Nearly half of South Australian fish are found with plastic inside them

Almost half of the fish was caught South Australia waters were found to contain plastic fragments, a new study shows.

The research, conducted by the University of Adelaide, found microplastic fragments in 49 percent of fish.

Chief researcher Nina Wootton of the School of Biological Sciences at the University of Adelaide said many commercial and recreational fishermen were unaware of the scale of the problem.

Nearly half of the fish caught in South Australian waters contain plastics.
Nearly half of the fish caught in South Australian waters contain plastics. (9 News)

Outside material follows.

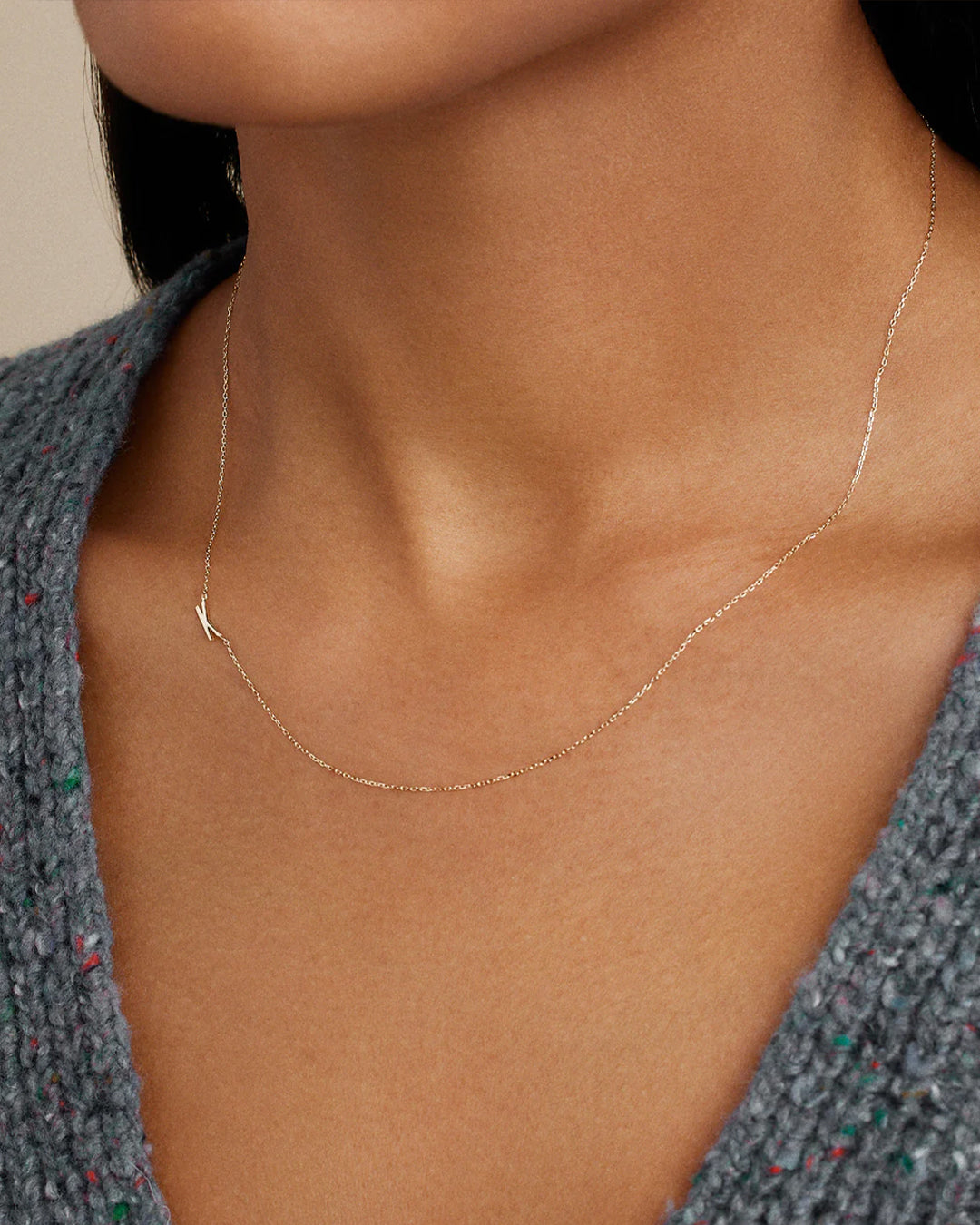 14k Gold Alphabet Necklace、mySite、hinf8tx79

“We wanted to find out what people knew about microplastic pollution in fish, from fishermen to fishmongers to consumers,” she said in a statement.

“It varied, but about half didn’t realize it was a problem because South Australia’s oceans had such a reputation for being clean.”

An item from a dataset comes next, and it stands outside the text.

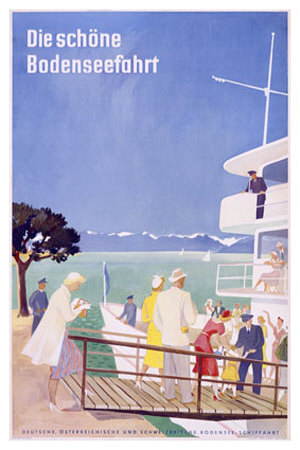 Bodensee, Fahrt by Dietrich Bodman Pricing Limited Edition Print image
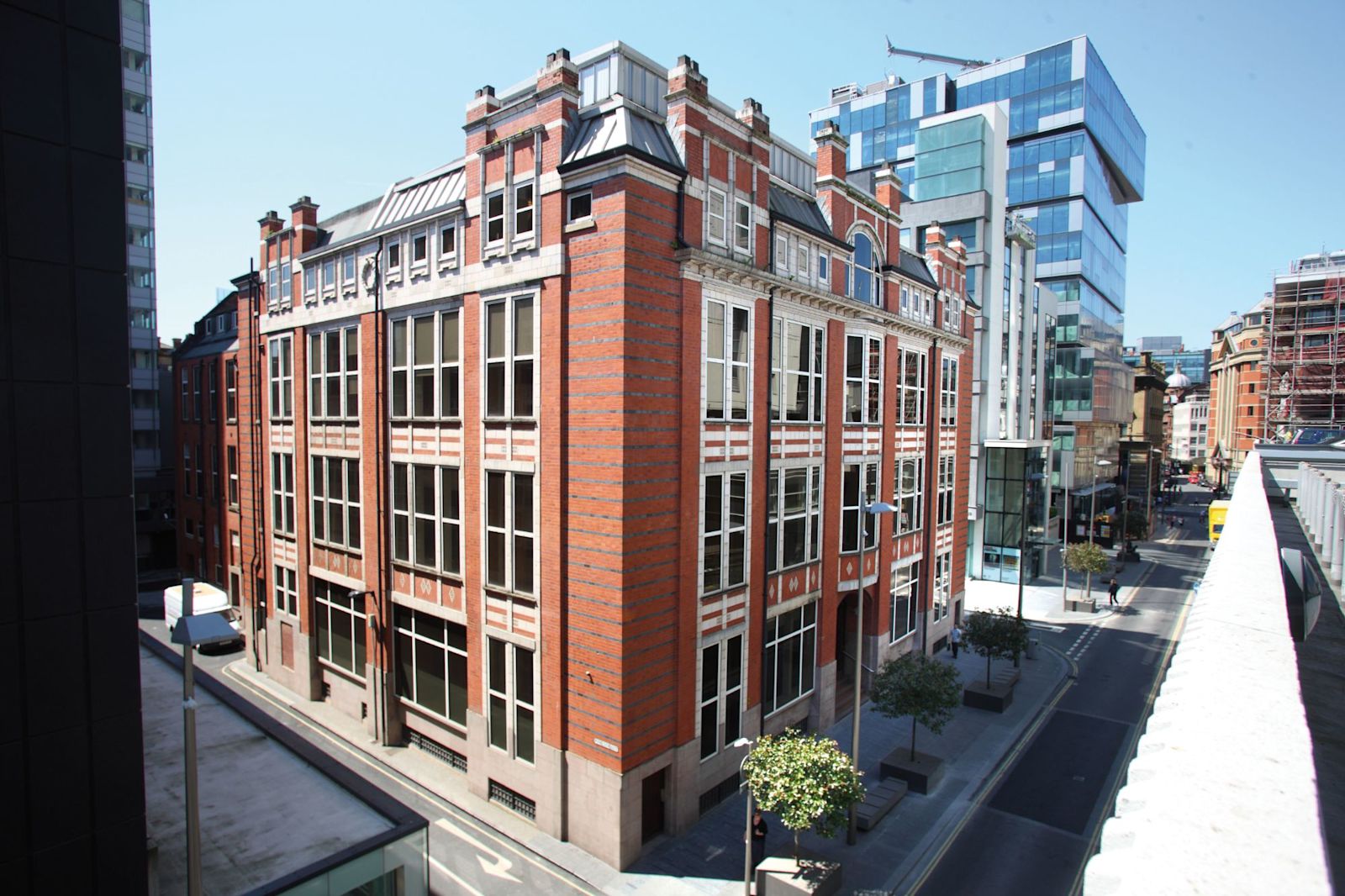 5 New York Street workspace, Manchester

There was three times as much plastic in fish from international waters, Ms. Wootton added.

Nina Wootton fears the problem will get worse if plastic pollution is not addressed on an international level.
Nina Wootton fears the problem will get worse if plastic pollution is not addressed on an international level. (9 News)

Researchers are now working together with the seafood industry to educate fishermen and the community on how to reduce plastic waste.

“We still have time to make sure Australian seafood remains some of the cleanest in the world, but we need the seafood industries and the general public to recognize the problem and start taking positive action now,” she said.